I drove up from D.C. today in an effort to be sure my cats hadn’t mutinied or decided to take over the house entirely. (Aside from a really rough tumble they gave the water dish after I got home today – I suspect I was being berated cat-style – all was well.) The roads were, well, horrible. Even the interstates were covered with that bumpy, packed-down ice stuff that made me think I know a little of what those off-road truck racing guys feel in their necks the day after a race. It was a long, slow ride home.
When I got here, well, I couldn’t park. There was snow everywhere, and since I only have street parking, I jagged my car to the curb as best I could, unloaded, and headed back out for errands, a whispered prayer for a space thrown up as I pulled out. The grocery store was nuts; the bank was dead quiet, except for the manager who was quite disconcerted that people were hanging out waiting for the bus by the front door since the bus stop was snowed over. (I would have never thought of that, but it makes sense that a bunch of guys in hoodies would be a little unnerving for a bank staff). The drugstore empty – guess everybody got their meds last week. So I got things done, and headed home.
I got stuck. . . not badly stuck but stuck enough that I thought I might slide into a parked car if I tried to haul myself out. Just when I was about to throw on the hazard and get out for a look, a nice man from the car behind me ran up, asked if I was stuck, and then pushed me right out. So nice!!
Then, I pulled onto my street and lo, like a glowing sign from heaven, was a patch of pavement. I pulled in, but only after I carefully but not TOO slowly drove past a man in a wheelchair sitting in the snow and ice in the middle of the road. I got parked and walked back to him. He was okay, and a friend pushed him up the street to what I assume is home.
As I reached my door, the mailman’s truck got stuck. I went over to push him out, and it didn’t work. But just then more people showed up – someone tried to put a 2×4 under his tire and get him out, some of us pushed, another got a shovel, finally a woman in an SUV butted right up to him and pushed him right out. We all huddled off to our dry houses, I assume.
As I had been driving earlier, I had really started to get grumpy. This was such an inconvenience. A real pain. And it is, but not that much to me. I got around. I made it home.
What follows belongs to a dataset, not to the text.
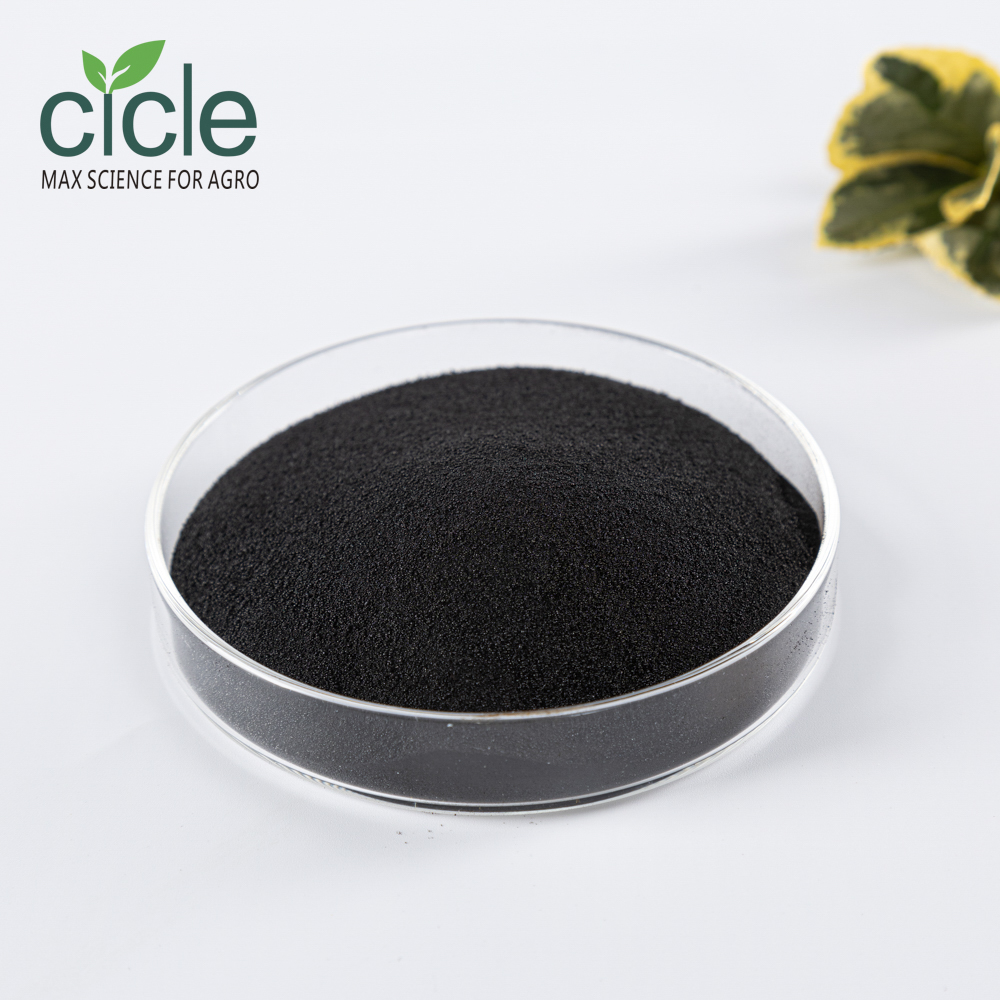 Seaweed Extract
And I am not in a wheelchair. I am not a person whose job is – driven by motto – to deliver mail despite the “snow.” I do not have a health condition that makes being snowed in terrifying. I do not even have to get to a job, most days, that would fire me if I couldn’t get there. I am blessed.
I am blessed by neighbors who care enough to help the mailman, even if it is by directing from an upstairs window. I am blessed by men who don’t even know me but who push my car out of the snow. I am blessed by clerks who work at the grocery store so that I can buy Amy’s Macaroni and Cheese before the next snowstorm hits. I am blessed with heat (and warm kittens) and blankets and a house whose roof is still intact. I am blessed to be loved by a man who has already checked in twice to be sure I’m okay here. I am blessed.
I am blessed, too, to be taught lessons and reminded of my blessedness by a loving God who really doesn’t let me get too grouchy, especially when more snow is coming tomorrow.
May you all find your blessedness in your situation this night.